Louvre, accordi di
Accordi sui tassi di cambio siglati il 22 febbraio 1987 al vertice del L. a Parigi dai ministri finanziari e dai banchieri centrali dei Paesi dell’allora G6 (Canada, Francia, Giappone, Gran Bretagna, Repubblica Federale Tedesca, Stati Uniti; l’Italia non aderì agli accordi). L’obiettivo consisteva nel coordinare le politiche macroeconomiche del G6 al fine di stabilizzare i mercati valutari e arrestare il deprezzamento del dollaro, particolarmente rispetto allo yen giapponese e al marco tedesco, conseguente agli accordi di Plaza del 1985 (➔ Plaza, accordi di). Gli Stati firmatari si impegnavano a stabilizzare la divisa statunitense sui valori del febbraio 1987 e a ridurre gli squilibri commerciali legati al deprezzamento del dollaro, agendo sui rispettivi surplus o deficit tramite interventi mirati a rafforzare la domanda interna o a rallentarne l’eccessiva espansione (➔ squilibro globale; bilancia dei pagamenti, approcci teorici alla).

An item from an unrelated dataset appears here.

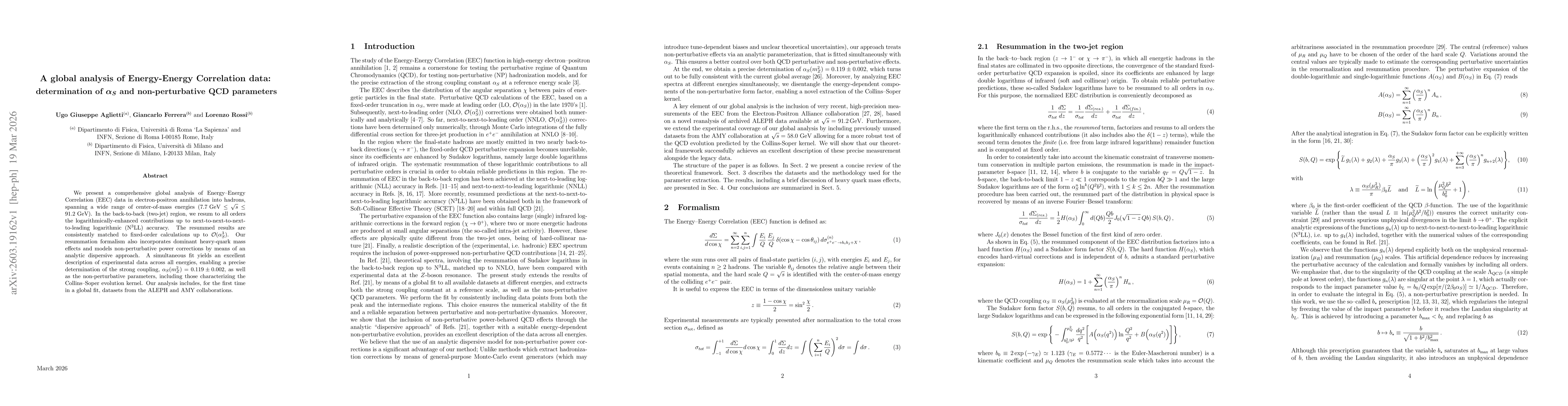Thumbnail for A global analysis of Energy-Energy Correlation data: determination of $α_S$ and non-perturbative QCD parameters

Gli accordi del L. rappresentano un capitolo cruciale della cooperazione economica internazionale dopo l’abbandono del sistema di Bretton Woods (➔). Il raggiungimento dell’obiettivo di stabilizzazione del cambio del dollaro doveva essere conseguito attraverso un coordinamento delle politiche fiscali e monetarie senza precedenti. In particolare, Canada e Francia si impegnavano a diminuire il disavanzo del proprio bilancio pubblico, mentre la Gran Bretagna avrebbe abbassato tasse e spesa pubblica; i Paesi in surplus commerciale, Giappone e Germania Occidentale, si sarebbero adoperati ad attuare politiche reflazionistiche (➔ reflazione) volte all’espansione della domanda interna, in special modo perseguendo un basso costo del denaro; a loro volta, gli Stati Uniti, che nei due anni successivi agli accordi di Plaza avevano registrato l’emergere di disavanzi ‘gemelli’ nella bilancia commerciale e nel bilancio pubblico, avrebbero controllato la dinamica della spesa pubblica al fine di ridurre il disavanzo di bilancio. Un ulteriore aspetto da notare consisteva nell’adozione (segreta) di una banda di oscillazione per il valore della divisa statunitense tra 1,77 e 1,87 marchi. Interventi coordinati dei rispettivi Paesi avrebbero dovuto avere luogo se il dollaro avesse abbandonato tale intervallo.
La stabilità valutaria auspicata permase negli 8 mesi successivi agli accordi. Nell’ottobre 1987 la Bundesbank (➔ Deutsche Bundesbank) innalzò il costo del denaro a fronte di pressioni inflazionistiche in Germania Ovest. L’indebolimento del dollaro riprese ben oltre i limiti accordati, anche perché la Federal Reserve (➔) dovette a sua volta abbassare i tassi per fare fronte al crollo della Borsa di New York il 19 ottobre 1987. Il graduale abbandono degli accordi di L. ha segnato l’inizio dell’attuale regime di completa flessibilità dei tassi di cambio tra le principali valute, la cui determinazione è lasciata alle forze del libero mercato.